Watson warns of Pebble’s new teeth

Tom Watson, who has played more US Opens at Pebble Beach than anyone else, has warned of its new dangers

Even before he won the US Open there in 1982, Tom Watson has had a special feeling for Pebble Beach but with the new teeth it has been given, he cannot be sure he’ll still feel that way on Sunday.

On the eve of Thursday’s first round, Watson warned that greater dangers than before await the unwary at this week’s 110th championship.

“The golf course is a lot different than when we played it before, in the sense that it’s more dangerous,” the 60-year-old Watson told the media on Wednesday.

The course has been lengthened by 194 yards since the 2000 Open to bring it to 7040 yards, four greens have been rebuilt, 11 bunkers added or altered, notably in depth, and fairways reshaped and sections of rough shaved to bring the fairways closer to the sea..

Eliminating rough from the edge of fairways along will not be welcomed by the big-bombers more concerned with distance than accuracy as now they’s have no rough to stop errant drives from rolling into the ocean. It’s more dangerous with the fairways being cut right to the edge of the hazards.
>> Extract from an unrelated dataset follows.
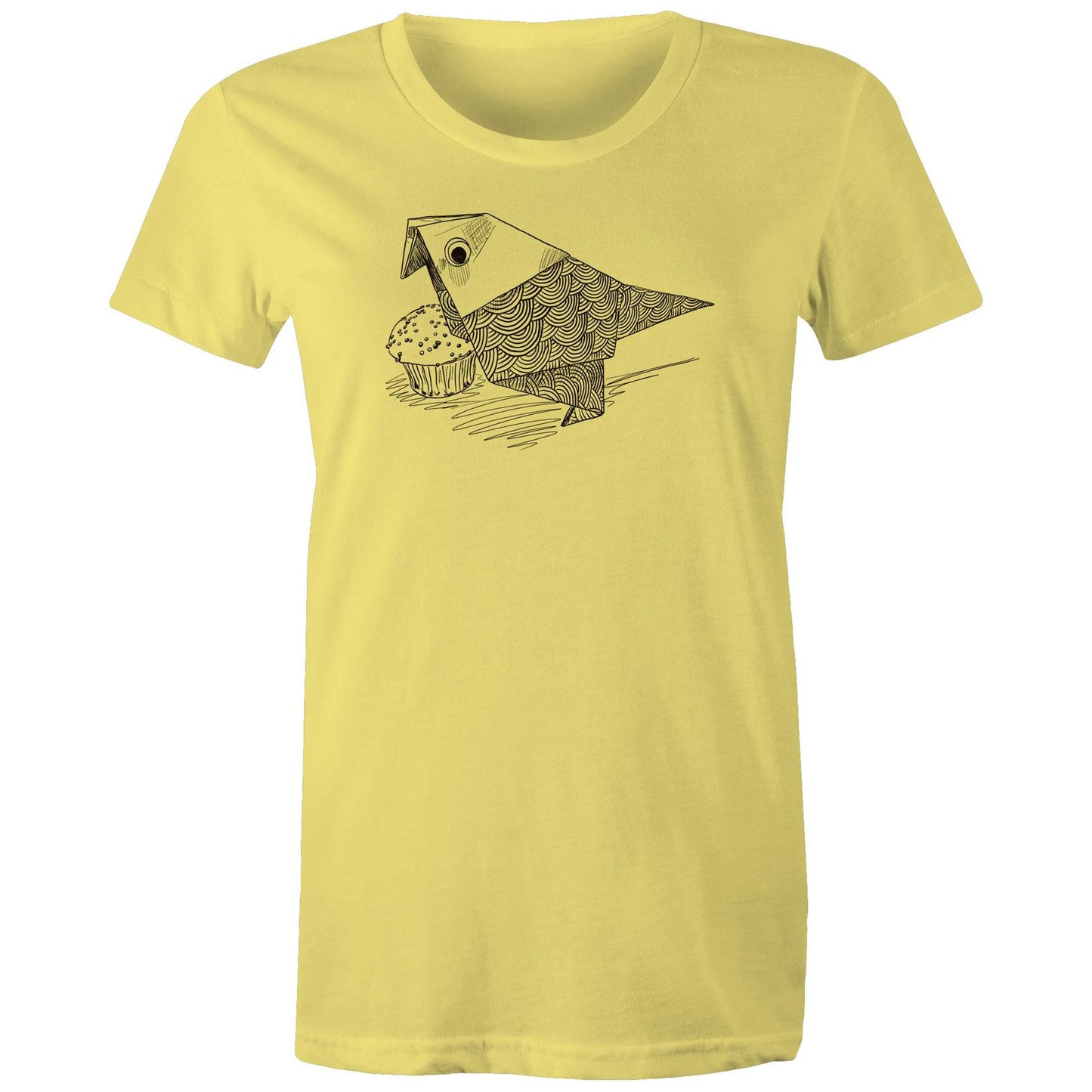 women’s tee origami bird with cake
“That was the intent. Let’s make the hazards come into play was clearly the intention,” Watson says.

The thought of offline tee shots running off the fairways, down a cliff side onto the beach below will be a frightening possibility to a good many players.

“That ball can roll right into the hazards if you get it going sideways a little bit,” added Watson, the only player in this week’s field who has taken part in all five US Opens played at Pebble.

“It puts another question in your mind about playing Pebble Beach; it toughens it up.

Speaking of the sixth hole that wends up and around a dramatic cliff, Watson said: “If you push it a little right, you’re down there with the otters.”

Ernie Els, the two-time US Open winner knows all about that. He has also learned that the sands below could be in play.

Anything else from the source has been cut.